EXTRACTED INFORMATION:
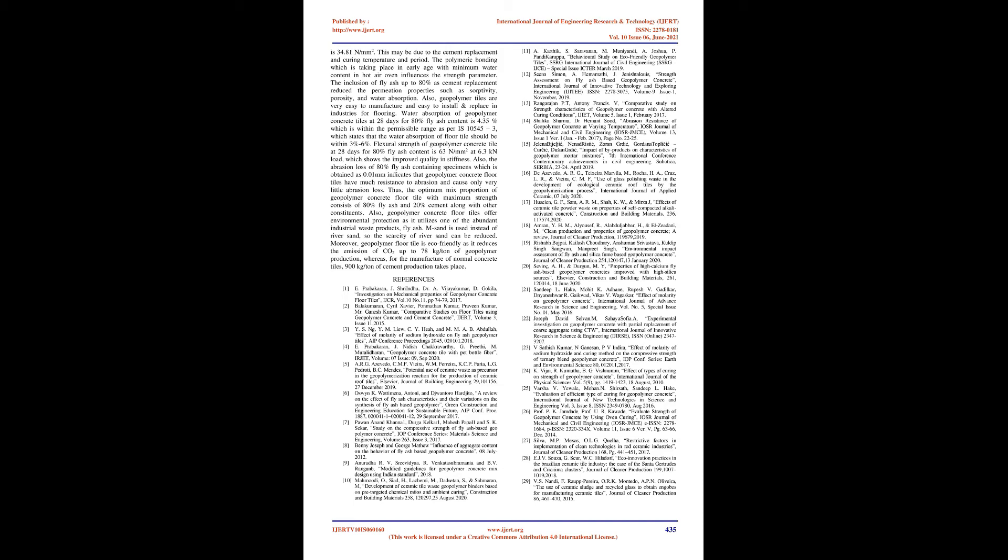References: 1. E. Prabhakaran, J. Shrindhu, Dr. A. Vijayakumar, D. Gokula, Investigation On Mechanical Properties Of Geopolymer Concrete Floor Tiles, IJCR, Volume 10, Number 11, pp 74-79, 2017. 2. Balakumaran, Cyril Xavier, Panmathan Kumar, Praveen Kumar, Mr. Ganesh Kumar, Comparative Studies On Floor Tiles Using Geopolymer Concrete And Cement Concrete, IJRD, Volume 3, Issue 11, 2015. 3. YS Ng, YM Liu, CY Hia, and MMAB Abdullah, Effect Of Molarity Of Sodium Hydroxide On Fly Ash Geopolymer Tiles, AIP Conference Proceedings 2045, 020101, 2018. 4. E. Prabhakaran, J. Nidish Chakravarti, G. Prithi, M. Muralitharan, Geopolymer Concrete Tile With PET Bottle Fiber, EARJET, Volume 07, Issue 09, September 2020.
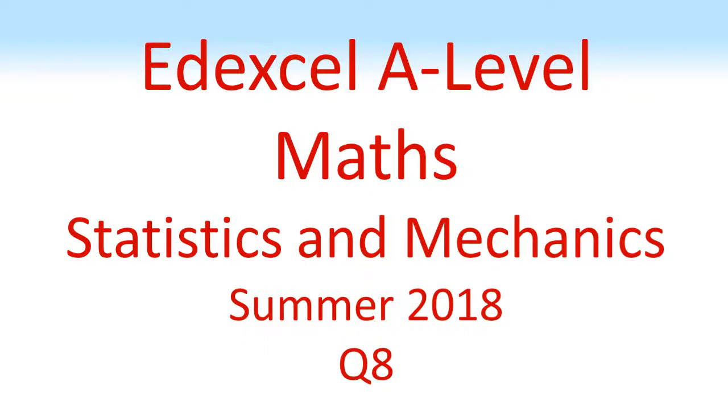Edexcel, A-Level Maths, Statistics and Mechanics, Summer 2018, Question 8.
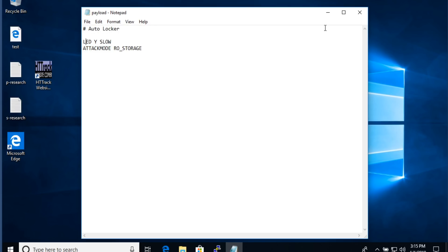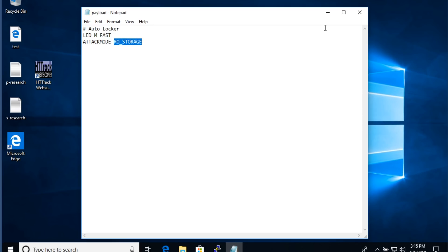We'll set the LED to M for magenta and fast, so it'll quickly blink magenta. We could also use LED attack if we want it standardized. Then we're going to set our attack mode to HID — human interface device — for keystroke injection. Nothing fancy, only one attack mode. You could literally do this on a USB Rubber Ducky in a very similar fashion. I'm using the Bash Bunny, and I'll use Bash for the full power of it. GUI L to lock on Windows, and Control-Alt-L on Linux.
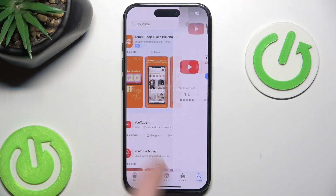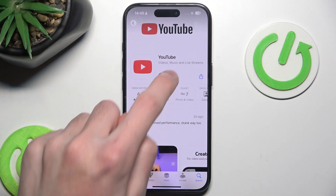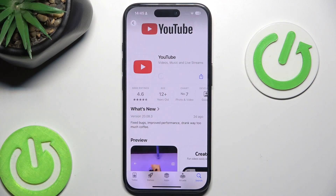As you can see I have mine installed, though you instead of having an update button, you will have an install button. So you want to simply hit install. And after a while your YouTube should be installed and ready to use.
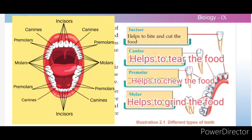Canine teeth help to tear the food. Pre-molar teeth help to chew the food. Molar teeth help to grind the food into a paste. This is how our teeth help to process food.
--
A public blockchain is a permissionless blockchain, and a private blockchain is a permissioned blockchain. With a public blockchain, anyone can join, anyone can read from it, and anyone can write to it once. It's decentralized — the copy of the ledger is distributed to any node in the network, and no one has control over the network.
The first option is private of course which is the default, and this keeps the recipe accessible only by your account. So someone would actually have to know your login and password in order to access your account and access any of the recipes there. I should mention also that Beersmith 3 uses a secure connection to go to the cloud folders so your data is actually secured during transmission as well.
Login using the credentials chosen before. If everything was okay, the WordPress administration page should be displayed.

WHAT NEEDS TO BE DONE: Skip every picture, and restate word for word only the lines above from the line containing "As you can see" to the line containing "Canine teeth help", both of them included.

TASK OUTPUT:
As you can see I have mine installed, though you instead of having an update button, you will have an install button. So you want to simply hit install. And after a while your YouTube should be installed and ready to use.
Canine teeth help to tear the food. Pre-molar teeth help to chew the food. Molar teeth help to grind the food into a paste. This is how our teeth help to process food.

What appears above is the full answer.